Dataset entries

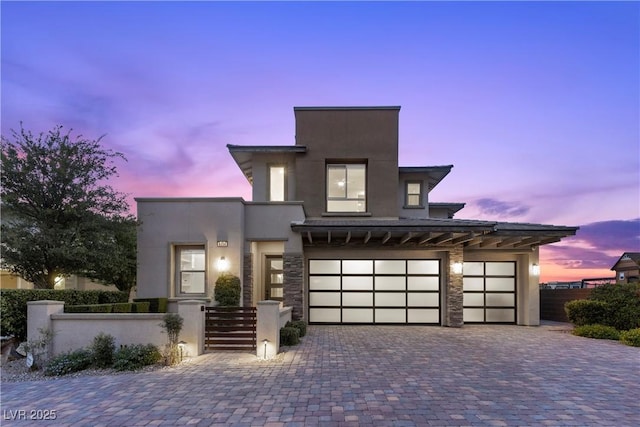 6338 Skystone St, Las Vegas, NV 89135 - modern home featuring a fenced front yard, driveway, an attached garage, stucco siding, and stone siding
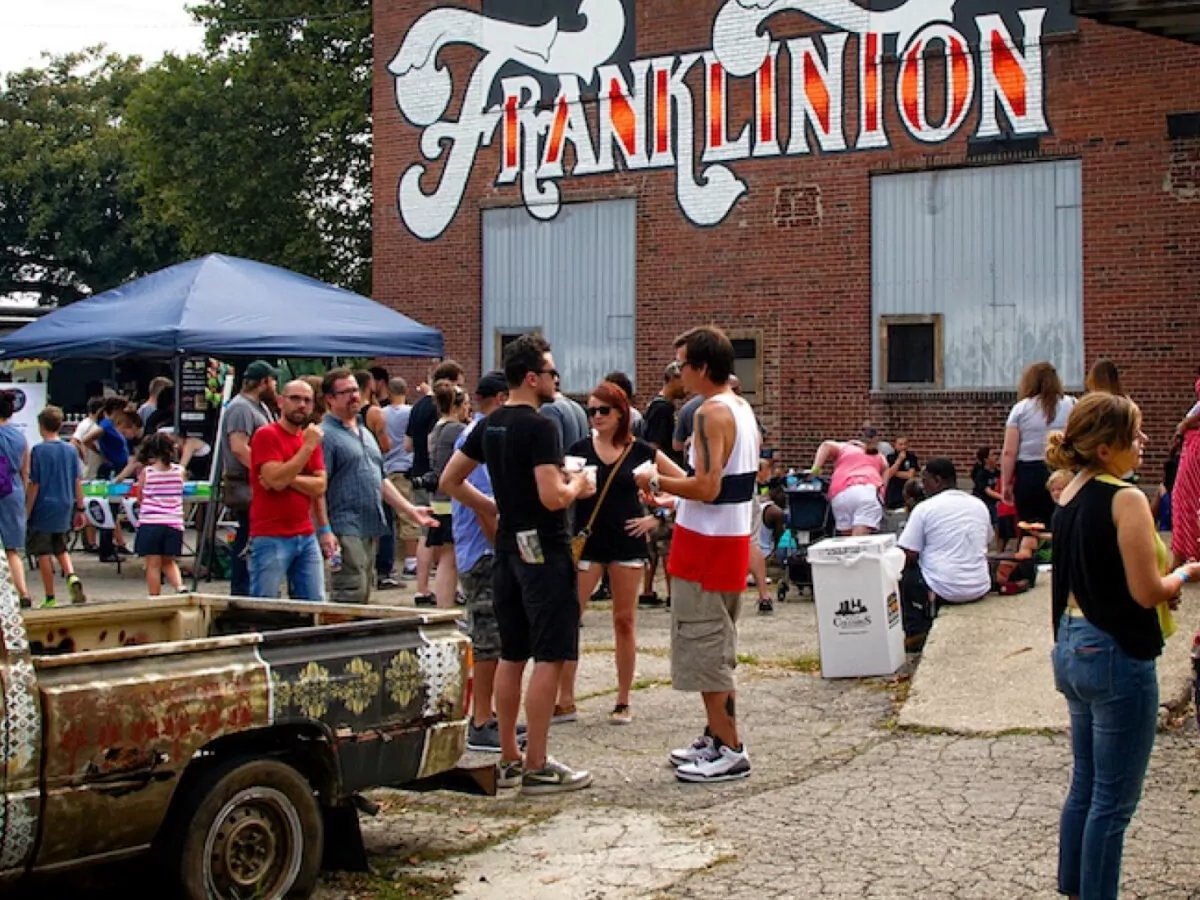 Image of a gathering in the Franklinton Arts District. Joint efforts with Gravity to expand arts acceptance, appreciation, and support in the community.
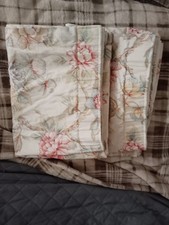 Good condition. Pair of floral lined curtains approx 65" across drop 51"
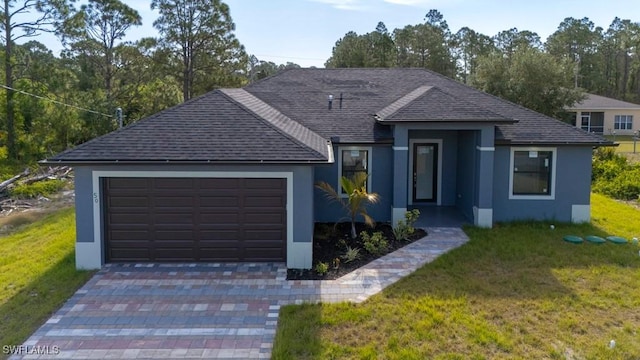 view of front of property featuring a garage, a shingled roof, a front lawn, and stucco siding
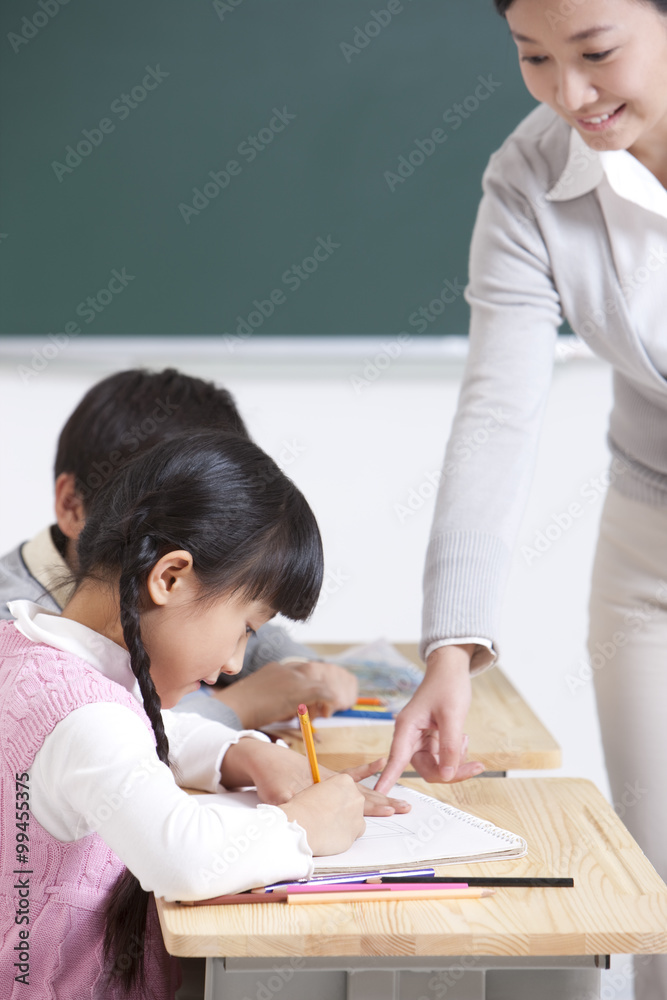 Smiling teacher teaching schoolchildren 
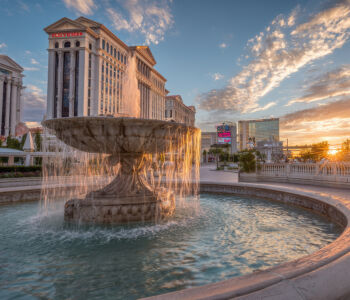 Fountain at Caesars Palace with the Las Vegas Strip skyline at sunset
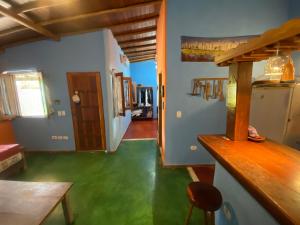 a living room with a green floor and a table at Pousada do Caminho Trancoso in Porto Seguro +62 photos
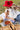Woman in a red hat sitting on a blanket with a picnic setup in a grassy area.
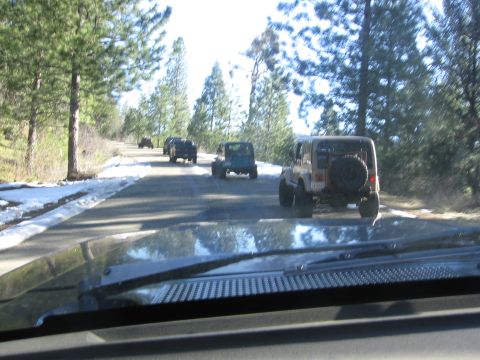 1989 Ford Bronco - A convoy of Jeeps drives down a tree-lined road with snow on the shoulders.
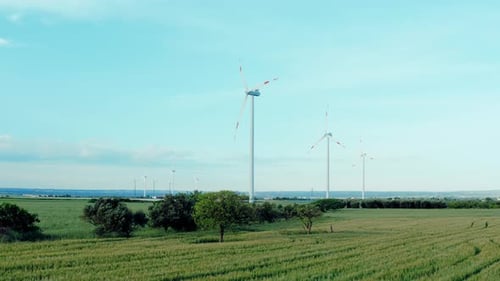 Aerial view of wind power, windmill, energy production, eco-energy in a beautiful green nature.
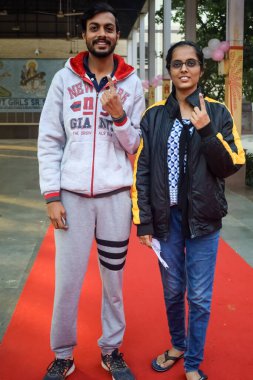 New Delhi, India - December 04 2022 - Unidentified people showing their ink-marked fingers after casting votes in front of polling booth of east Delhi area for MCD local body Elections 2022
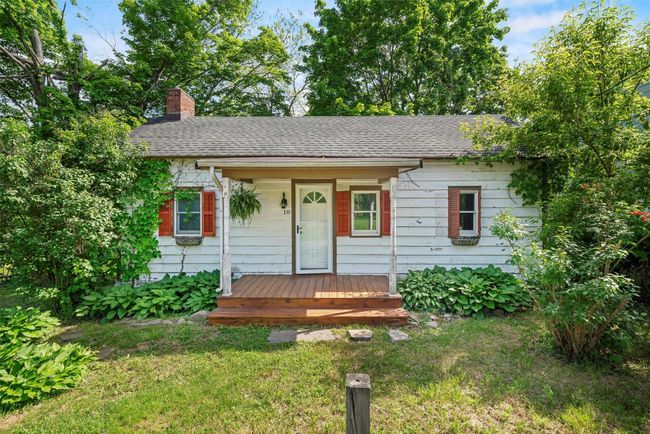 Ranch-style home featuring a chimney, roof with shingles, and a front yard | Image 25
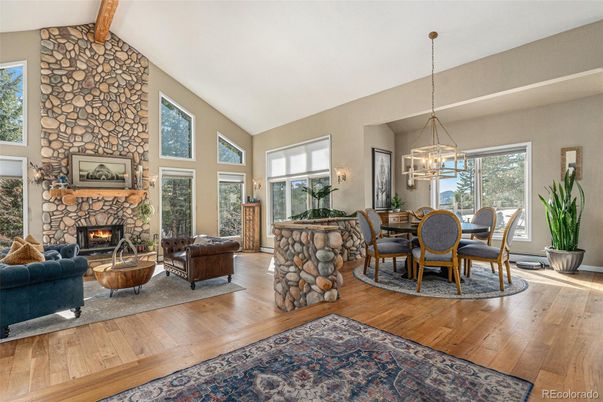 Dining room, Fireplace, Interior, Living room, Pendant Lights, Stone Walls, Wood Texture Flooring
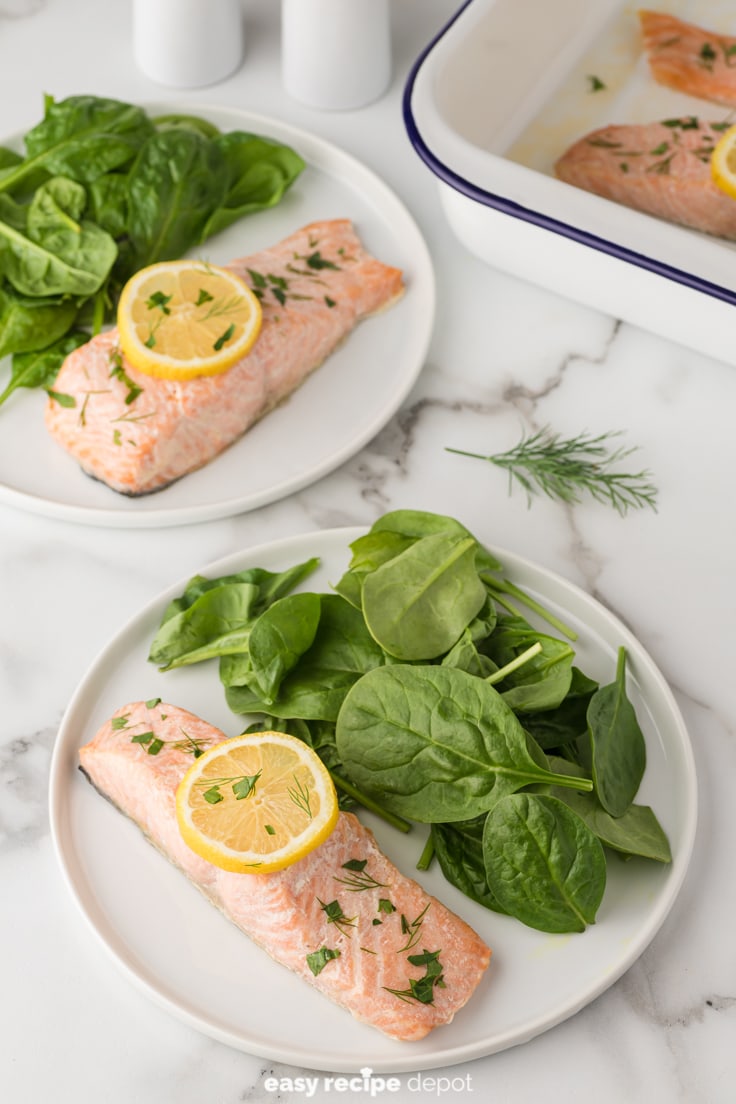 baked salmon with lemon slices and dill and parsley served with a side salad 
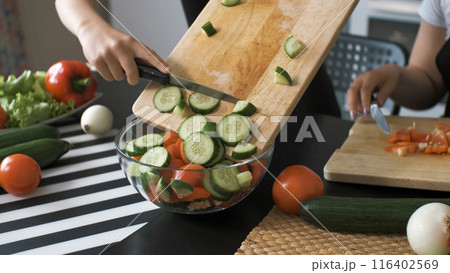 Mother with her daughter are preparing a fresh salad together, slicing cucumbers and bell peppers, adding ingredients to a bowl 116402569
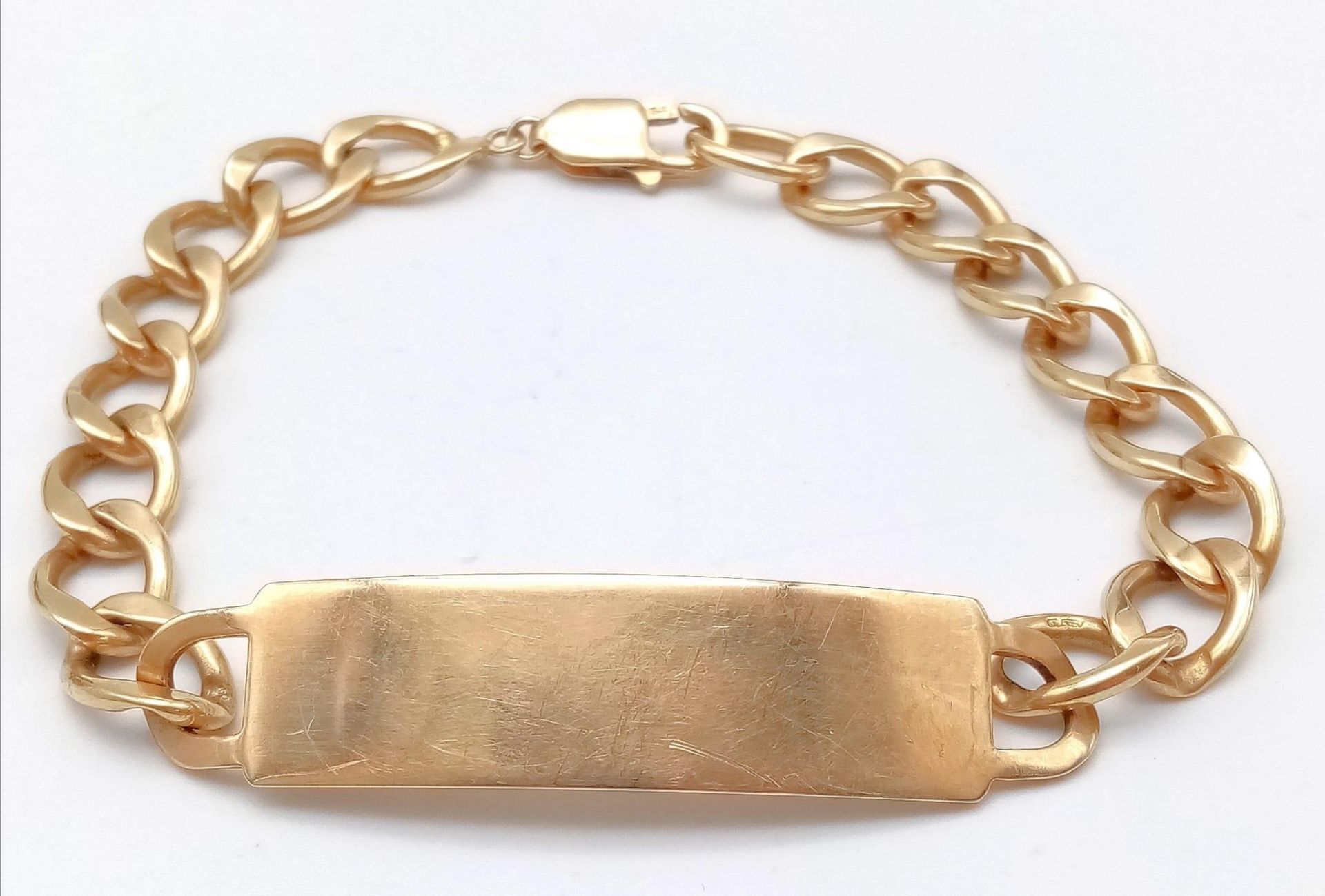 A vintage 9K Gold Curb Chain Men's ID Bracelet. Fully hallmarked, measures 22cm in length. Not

### The task
Give again, word for word, every line from the top of the entries above to the line holding "Image of a gathering", both included. Leave the pictures out.

### Worked solution
 6338 Skystone St, Las Vegas, NV 89135 - modern home featuring a fenced front yard, driveway, an attached garage, stucco siding, and stone siding
 Image of a gathering in the Franklinton Arts District. Joint efforts with Gravity to expand arts acceptance, appreciation, and support in the community.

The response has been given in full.